Hauser & Wirth, which operates multiple spaces in New York, London and Zurich, sold a white and blue totem sculpture by Louise Bourgeois for $1.95 million and Paul McCarthy’s messy figurative painting “WS, Dior” for $950,000.
Some galleries paired older works with recently created art. Zurich-based Thomas Ammann Fine Art displayed a 1963 blue canvas by Pablo Picasso, priced at $12 million, and a $14 million Fernand Leger 1919 painting, next to new paintings by Bruce High Quality Foundation, a New York collective whose members are anonymous. Priced from $50,000 to $200,000, they riffed on popular culture and art history with paintings depicting celebrity magazine covers and a black-and-white version of Edouard Manet’s “Olympia” framed by white neon lights.
“It’s about staying relevant,” Lisa Dennison, Sotheby’s chairman of North and South America, said about the striking pairing at the booth. “Galleries have to think about the future and the next generation of artists” as modern art supplies diminish.
Michael Werner gallery, with branches in New York, London and Berlin, sold a 1971 Sigmar Polke painting for $4.5 million. Once owned by advertising mogul and collector Charles Saatchi, the work depicts purple monkeys, an alligator and an erect penis.
Contemporary-art galleries, which occupied the second floor of the convention center, did booming business with lower prices.
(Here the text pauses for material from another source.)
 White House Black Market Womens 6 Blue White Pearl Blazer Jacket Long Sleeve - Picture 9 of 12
An abstract painting by Jeff Elrod sold for $95,000 at Simon Lee Gallery, based in London and New York. Sherrie Levine’s cast-bronze sculpture of an alligator’s head went for $300,000.
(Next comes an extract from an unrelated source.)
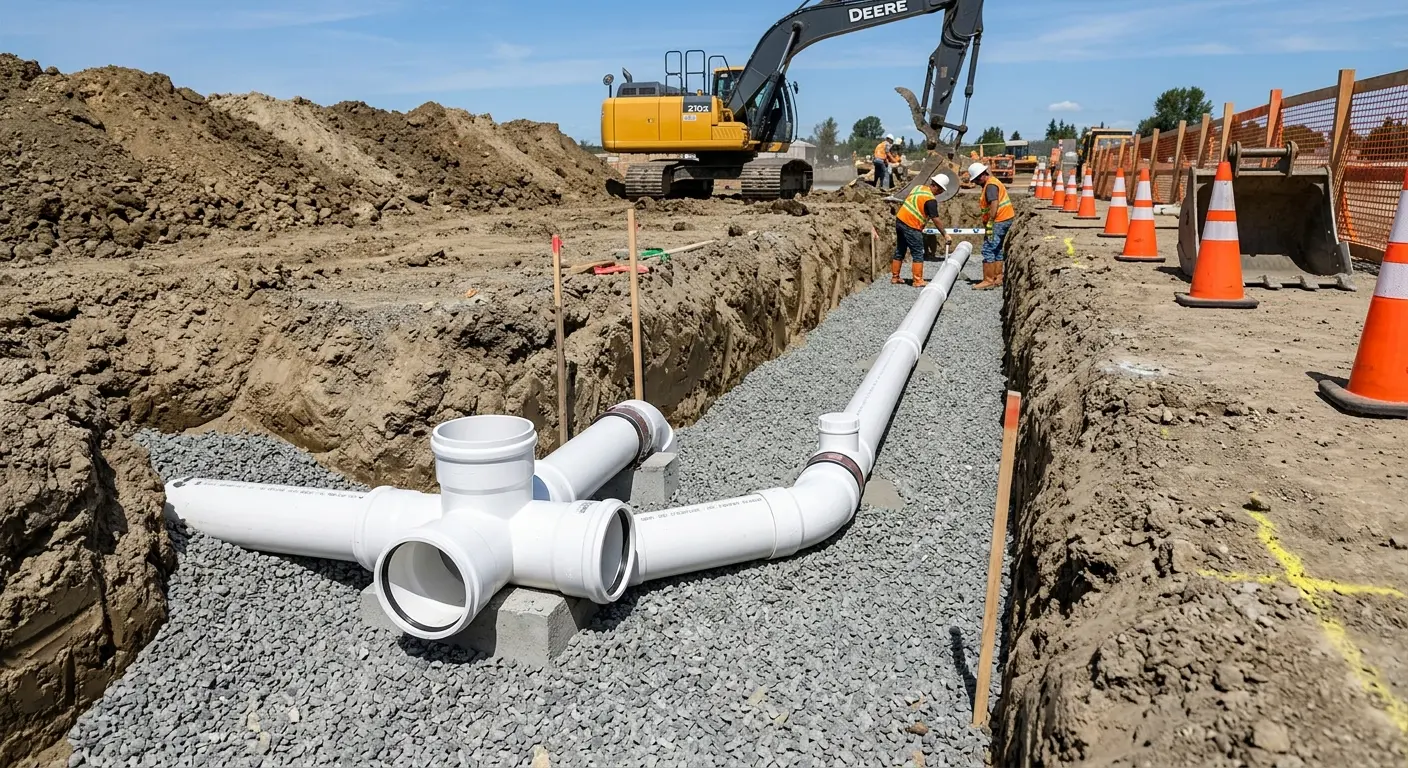 New PVC sewer pipe installation in open trench for Sewer Backup in Crockett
A Miro-like abstraction by young Brazilian-born artist Christian Rosa sold for 25,000 euros ($33,870) at Berlin’s Contemporary Fine Arts gallery.
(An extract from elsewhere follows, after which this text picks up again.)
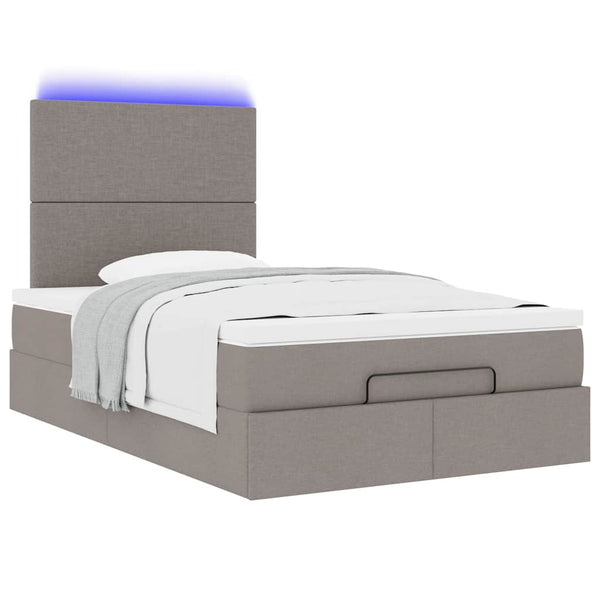 Ottoman Bett mit Matratze & LEDs Taupe 120x190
“I could have sold it 20 times,” said Bruno Brunnet, a partner at the gallery where a sold-out exhibition by Rosa ended last week.
A massive black painting by Glenn Ligon sold for $700,000 to a private collector, according to London-based Thomas Dane gallery.
Most of the works at Zurich-based Galerie Eva Presenhuber were spoken for by late yesterday afternoon. Ugo Rondinone’s three new cloud-shaped paintings sold for 180,000 Swiss francs ($200,200) each. Joe Bradley’s sprawling painting consisting of several white canvases and one pink canvas, sold for $300,000.
The ranks of collectors from traditional markets, including Europe and the U.S., swelled as buyers from China, Russia and the Middle East flocked to Art Basel, dealers and organizers said.
Collectors from Kazakhstan bought a Murano-glass sculpture resembling an outsized necklace by French artist Jean-Michel Othoniel priced at 290,000 euros on the booth of Paris- and New York-based Galerie Perrotin.
“It’s crazy but why not?” said Othoniel, who attended the fair along with dozens of other artists. “There are new collectors all over the world.”
In the evening, business gave way to parties. Though less numerous and flashy than during Art Basel Miami Beach, the events offered plenty of classy and raucous entertainment.
Dallas-based collector Howard Rachofsky and artists Sterling Ruby and John Bock were among dozens of guests who celebrated Art Basel’s “Unlimited” section of oversized sculptures and installations at a mansion surrounded by Baroque gardens 20 minutes outside of Basel.
Billionaire jeweler Laurence Graff and Russian collector Maria Baibakova were guests at art dealer Dominique Levy’s dinner honoring German artist Gunther Uecker, whose suite of eight white paintings at her booth sold for more than 5 million euros to a European foundation. To celebrate the radical performance element of the works, which were painted with the artist’s bare hands and feet and studded with razors and nails, circus performers including a sword swallower, a human cannon and two burlesque acrobats entertained diners.
Emmanuel Perrotin hosted a dinner for more than 100 guests on a moored barge after selling works ranging from $5,000 to $850,000 at the fair. It culminated with a live concert by French pop band, Naive New Beaters, who wore fur hats and used a palm tree as a stage prop.
“If you don’t do well during Art Basel, you might as well close your gallery,” said Perrotin as he headed for the dance floor.